ANGÉLICA – Para ambos se sumirem no caos da morte.

FIRMINO – Prima! Que vem fazer aqui neste lugar?!

ANGÉLICA – Agravar a moléstia, apressar meus dias... primo.

FIRMINO – E talvez dar o último toque a uma peripécia medonha que me causa horror, e que só de contemplar me estremeço. Uma suspeita, quando é agravada por provas tais, passa na boca do mundo por uma realidade.

ANGÉLICA – O tempo é médico tardio, mas cura radicalmente todas as moléstias.

FIRMINO – E os estragos da calúnia, as ruínas da vossa reputação?!

ANGÉLICA – A mão que escreveu um epitáfio pode apagá-lo e escrever outro. Seja eu inocente perante meus pais, o resto desprezo.

FIRMINO – Mas quando o tempo profunda as letras, são quase indeléveis.

ANGÉLICA – O mesmo tempo as consumirá de todo. Mais vale o esquecimento que o desdouro.

FIRMINO – A tradição é um líquido que se decanta de vaso em vaso por muitos séculos.

ANGÉLICA – Mas nessas transições recebe matérias que o alteram.
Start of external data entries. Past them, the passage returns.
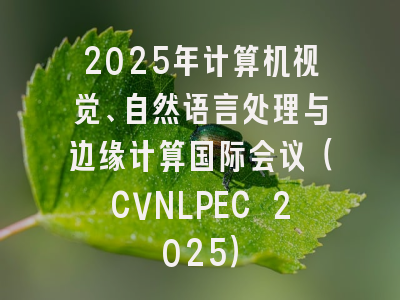 2025年计算机视觉、自然语言处理与边缘计算国际会议（CVNLPEC 2025）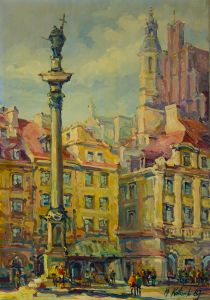 M. Kotarski - 1987 Acrylic, Busy Town Square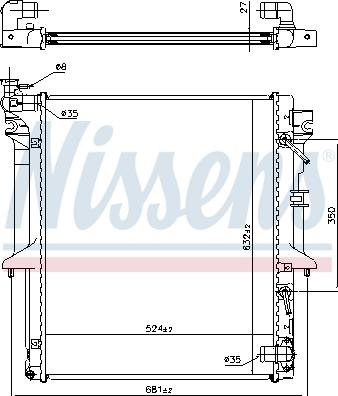 Nissens 628966 - Радиатор, охлаждение двигателя autospares.lv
Parte se evapora na passagem, parte fica sem valor, e tudo se some afinal.

FIRMINO – Angélica, Angélica, deixai-me pelo amor de Deus...

ANGÉLICA – Sim, eu vos obedeço. Não quero, apesar de mulher, apesar da fraqueza do meu sexo, descer à sepultura sem cortar o nó górdio que tecera o inferno. Vós me conheceis, Firmino, vós já decifrastes algumas frases do livro de minha alma, sabeis que sou inocente, que somos inocentes, que somos vítimas de... (Chora) Eu devo falar claro.

FIRMINO – Angélica, onde colheste esse sublime caráter? Quem vos dita tão celeste moral?

ANGÉLICA – O am... O meu coração. (Pausa. Olha para Firmino fixamente) E quem vos dá, senhor, essa frialdade de mármore?

FIRMINO – O amor.

ANGÉLICA – O amor?! O amor inflama.

FIRMINO – Depois que se toca o cimo da pirâmide, a marcha é descer.

ANGÉLICA – Não eu. Ficarei olhando para o sol até que seus raios me ceguem, até que perturbada me precipite de suas alturas. A morte estará na base para receber em seus braços esta vida angustiada, a terra cobrirá meu corpo e a minha memória, a minha imagem, se riscará da idéia de todos os vivos.

FIRMINO – Que injustiça ao coração humano! E dizeis-me isto em face?

ANGÉLICA – Ah, Firmino! Ou tua alma é como mármore, que tem formas e não sente, ou é um vulcão que dorme e cuja cratera aferrolha um cadeado invencível.

FIRMINO – Angélica, Angélica, retira-te por piedade, foge de mim... que eu não te posso ouvir mais...

ANGÉLICA – Eu vos obedeço. Mas, Firmino, um único favor... um único bem, uma última prova de vossa afeição. Apertai esta mão moribunda com o calor da amizade. Seja este sinal o símbolo secreto de um sonho, de uma esperança baldada... e vou morrer contente. (Firmino reveste-se de coragem, dá um passo firme e estende-lhe a mão. Angélica a aperta. Olham-se ambos, ficam mudos e está­ticos. Angélica quer largar a mão, quer ir-se. Firmino se agita pouco a pouco, começa a tremer, faltam-lhe as pernas e insensivelmente se ajoelha, beija a mão de Angélica com uma efusão expressiva. Ela treme a seu turno, quer fugir, ele a detém; separam-se, querem caminhar e ficam imóveis, olhando um para o outro) Adeus para sempre, Firmino. (Quer ir-se)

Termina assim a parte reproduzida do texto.